Thanks for the advice and by the way I ask the salesman I wanted a bandsaw with 3 speeds. He told me it was not necessary for woodworking and it turns out he owns the company (Cole Moore ). I guess it s a matter of opinion and he was really pushing hard for the Helical Heads on the jointer's at a cost of $600 plus.

I think 12" resaw is as much as I will need and would prefer a machine that is setup for 220. The one saw I looked at that I liked was 110 volt but draws 15 amps so I am worried it will pop the breaker where it will be used and hence the reason I want to run it on 220 and only draw 7.5 amps.

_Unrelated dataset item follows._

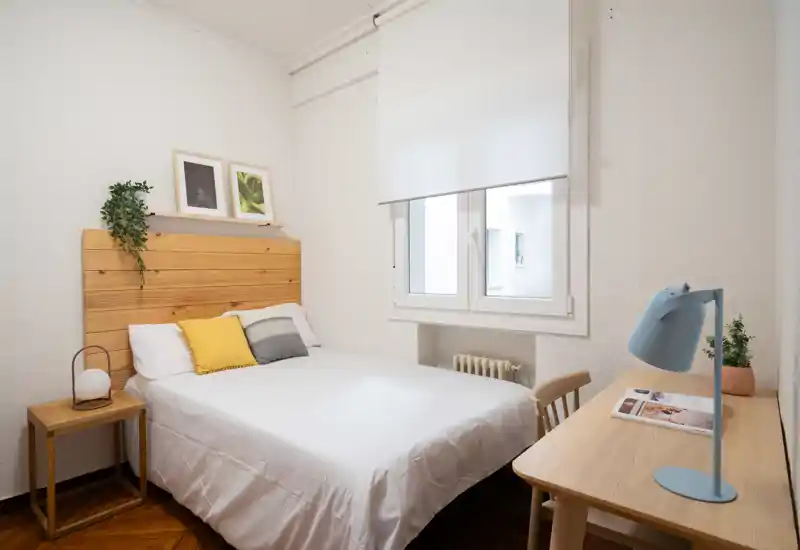 Dormitorio luminoso y ordenado con cama doble, cabecero de madera, mesita y escritorio junto a la ventana: acogedor y bien iluminado, perfecto para un anuncio.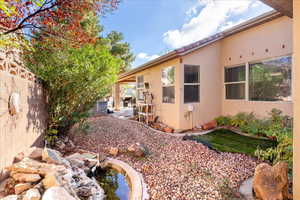 View of side of property with a patio area, a fenced backyard, stucco siding, and a garden pond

I had planned on using the tablesaw or the jointer or BS on the one dedicated CIRCUIT AND NOW HAVE TWO EXTENSION CORDS TO BE USED FOR THE 220. The one is setup for the tablesaw and the other will be for the jointer or BS.


----------



## TRN_Diesel (Feb 24, 2009)

Canadian Woodworker Ltd

Here is the saw I like with 12" resaw with the optional riser kit.


----------



## curiousgeorge (Nov 6, 2006)

Good looking saw. It amazes me how long it took for some band saw makers to finally start to realize that the band saw is a wood working tool as well as metal and start to make allowances for it. The guy who told you that more speeds were not needed for wood is just not up on using the saw as a wood working tool. He is still living in the metal world. With him being a company owner, he needs to do a little updating on his knowledge. I do agree with him, though, on the helical heads. They make a good tool into an outstanding tool and they stay sharp way longer than the HSS blades.


----------



## labric (Sep 11, 2004)

Dan & Ron

I have the Busy Bee CT015N and it certainly does come with a riser extension which will add 4" to the original height of 6 " giving you a 10" cutting height.

See CT015EXT accessories 

Has a 1 HP motor with 3 speeds which with a bimetal blade would also cut light guage metal without any problem and is currently on sale.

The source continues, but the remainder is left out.